↓↓↓
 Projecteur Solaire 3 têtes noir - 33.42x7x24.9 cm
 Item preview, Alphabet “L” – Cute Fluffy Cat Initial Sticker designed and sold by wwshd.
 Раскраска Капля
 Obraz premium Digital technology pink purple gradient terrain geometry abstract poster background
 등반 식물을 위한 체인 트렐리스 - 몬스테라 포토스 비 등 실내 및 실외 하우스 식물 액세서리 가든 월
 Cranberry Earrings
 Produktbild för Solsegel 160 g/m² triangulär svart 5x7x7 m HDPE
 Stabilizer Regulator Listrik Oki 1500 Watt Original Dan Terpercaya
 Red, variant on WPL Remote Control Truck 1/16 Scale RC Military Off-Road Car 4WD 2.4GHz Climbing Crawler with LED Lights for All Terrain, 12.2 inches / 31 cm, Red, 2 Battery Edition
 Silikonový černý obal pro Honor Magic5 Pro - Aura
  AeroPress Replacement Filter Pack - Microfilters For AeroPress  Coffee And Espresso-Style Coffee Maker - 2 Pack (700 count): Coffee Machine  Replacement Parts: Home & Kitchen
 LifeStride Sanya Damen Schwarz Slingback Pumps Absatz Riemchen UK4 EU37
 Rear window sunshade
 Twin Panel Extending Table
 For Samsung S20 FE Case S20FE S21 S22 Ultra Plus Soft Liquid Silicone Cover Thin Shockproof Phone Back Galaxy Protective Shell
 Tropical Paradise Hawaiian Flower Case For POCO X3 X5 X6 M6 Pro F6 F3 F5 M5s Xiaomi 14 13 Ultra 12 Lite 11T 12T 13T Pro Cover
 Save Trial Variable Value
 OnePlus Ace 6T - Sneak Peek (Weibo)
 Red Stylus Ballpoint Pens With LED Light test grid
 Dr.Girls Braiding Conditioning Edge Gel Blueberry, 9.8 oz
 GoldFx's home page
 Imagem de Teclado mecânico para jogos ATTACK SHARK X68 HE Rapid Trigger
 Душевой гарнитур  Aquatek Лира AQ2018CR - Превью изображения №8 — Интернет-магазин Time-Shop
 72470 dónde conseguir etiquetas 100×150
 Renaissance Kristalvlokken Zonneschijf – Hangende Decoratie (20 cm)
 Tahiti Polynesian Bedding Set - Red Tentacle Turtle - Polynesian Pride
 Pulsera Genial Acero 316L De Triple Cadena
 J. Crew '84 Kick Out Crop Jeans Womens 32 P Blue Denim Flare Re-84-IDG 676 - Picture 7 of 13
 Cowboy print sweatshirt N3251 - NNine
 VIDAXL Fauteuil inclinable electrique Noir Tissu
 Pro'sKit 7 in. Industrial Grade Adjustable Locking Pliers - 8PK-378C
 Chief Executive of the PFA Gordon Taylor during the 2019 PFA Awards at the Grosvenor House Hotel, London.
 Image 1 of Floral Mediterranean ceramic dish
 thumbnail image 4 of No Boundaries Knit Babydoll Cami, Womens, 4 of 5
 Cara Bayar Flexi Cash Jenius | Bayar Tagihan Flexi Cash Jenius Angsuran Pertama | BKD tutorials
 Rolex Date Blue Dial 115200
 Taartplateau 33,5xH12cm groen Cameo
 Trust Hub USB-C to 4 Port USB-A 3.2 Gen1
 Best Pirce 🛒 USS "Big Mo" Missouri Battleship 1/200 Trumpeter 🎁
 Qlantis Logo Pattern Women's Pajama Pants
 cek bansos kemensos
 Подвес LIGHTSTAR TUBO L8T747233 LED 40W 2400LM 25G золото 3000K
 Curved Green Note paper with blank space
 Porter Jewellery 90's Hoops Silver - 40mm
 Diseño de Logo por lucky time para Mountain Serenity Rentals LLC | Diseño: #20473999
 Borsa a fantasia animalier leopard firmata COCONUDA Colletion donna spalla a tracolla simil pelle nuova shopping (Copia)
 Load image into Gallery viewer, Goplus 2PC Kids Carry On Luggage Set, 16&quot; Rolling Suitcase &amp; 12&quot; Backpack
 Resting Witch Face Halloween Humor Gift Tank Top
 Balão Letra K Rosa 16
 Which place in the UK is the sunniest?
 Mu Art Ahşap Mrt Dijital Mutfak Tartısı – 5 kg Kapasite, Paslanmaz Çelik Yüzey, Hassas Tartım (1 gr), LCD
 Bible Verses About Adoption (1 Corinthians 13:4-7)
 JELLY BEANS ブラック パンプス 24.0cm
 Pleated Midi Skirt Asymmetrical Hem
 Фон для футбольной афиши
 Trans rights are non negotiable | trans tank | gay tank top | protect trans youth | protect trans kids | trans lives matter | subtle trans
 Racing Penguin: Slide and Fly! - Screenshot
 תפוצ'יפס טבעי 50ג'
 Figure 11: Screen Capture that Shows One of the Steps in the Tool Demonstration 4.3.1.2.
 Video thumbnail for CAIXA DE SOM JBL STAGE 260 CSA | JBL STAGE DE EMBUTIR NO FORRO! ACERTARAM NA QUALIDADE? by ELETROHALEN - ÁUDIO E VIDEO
↑↑↑
* _Task objective_:
In the listing above, find the line with "Red, variant on" and the line with "For Samsung S20"; output exactly those lines and all lines between them.

* _Reply to the task_:
 Red, variant on WPL Remote Control Truck 1/16 Scale RC Military Off-Road Car 4WD 2.4GHz Climbing Crawler with LED Lights for All Terrain, 12.2 inches / 31 cm, Red, 2 Battery Edition
 Silikonový černý obal pro Honor Magic5 Pro - Aura
  AeroPress Replacement Filter Pack - Microfilters For AeroPress  Coffee And Espresso-Style Coffee Maker - 2 Pack (700 count): Coffee Machine  Replacement Parts: Home & Kitchen
 LifeStride Sanya Damen Schwarz Slingback Pumps Absatz Riemchen UK4 EU37
 Rear window sunshade
 Twin Panel Extending Table
 For Samsung S20 FE Case S20FE S21 S22 Ultra Plus Soft Liquid Silicone Cover Thin Shockproof Phone Back Galaxy Protective Shell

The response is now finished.